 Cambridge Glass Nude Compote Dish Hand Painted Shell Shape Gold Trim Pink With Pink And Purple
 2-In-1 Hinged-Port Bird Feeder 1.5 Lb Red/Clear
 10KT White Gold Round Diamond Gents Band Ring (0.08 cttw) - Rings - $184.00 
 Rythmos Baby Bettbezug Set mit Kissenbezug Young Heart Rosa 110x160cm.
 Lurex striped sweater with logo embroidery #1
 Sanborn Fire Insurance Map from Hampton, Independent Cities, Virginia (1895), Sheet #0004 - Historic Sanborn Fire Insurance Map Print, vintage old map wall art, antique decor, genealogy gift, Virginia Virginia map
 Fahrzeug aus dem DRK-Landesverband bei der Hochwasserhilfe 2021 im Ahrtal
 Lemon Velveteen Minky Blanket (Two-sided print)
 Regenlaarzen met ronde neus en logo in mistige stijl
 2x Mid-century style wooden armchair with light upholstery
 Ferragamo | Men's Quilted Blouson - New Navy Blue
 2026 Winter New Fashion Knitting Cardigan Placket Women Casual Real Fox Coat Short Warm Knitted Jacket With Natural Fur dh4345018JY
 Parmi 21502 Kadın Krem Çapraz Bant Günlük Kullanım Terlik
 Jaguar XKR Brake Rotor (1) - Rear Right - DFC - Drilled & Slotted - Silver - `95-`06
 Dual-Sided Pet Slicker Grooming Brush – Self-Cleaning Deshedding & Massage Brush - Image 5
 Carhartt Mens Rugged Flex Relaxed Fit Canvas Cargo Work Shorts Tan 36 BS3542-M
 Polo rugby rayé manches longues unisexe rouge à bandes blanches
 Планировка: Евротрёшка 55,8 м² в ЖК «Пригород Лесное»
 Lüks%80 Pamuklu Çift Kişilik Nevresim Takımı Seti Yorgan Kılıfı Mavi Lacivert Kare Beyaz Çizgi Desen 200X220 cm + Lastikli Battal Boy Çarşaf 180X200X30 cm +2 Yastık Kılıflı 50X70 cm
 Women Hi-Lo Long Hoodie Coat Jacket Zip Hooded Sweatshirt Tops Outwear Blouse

========================================

Wherever a line contains the string "Women", copy that line from the data.

### SOLUTION TO THIS PROBLEM:
 2026 Winter New Fashion Knitting Cardigan Placket Women Casual Real Fox Coat Short Warm Knitted Jacket With Natural Fur dh4345018JY
 Women Hi-Lo Long Hoodie Coat Jacket Zip Hooded Sweatshirt Tops Outwear Blouse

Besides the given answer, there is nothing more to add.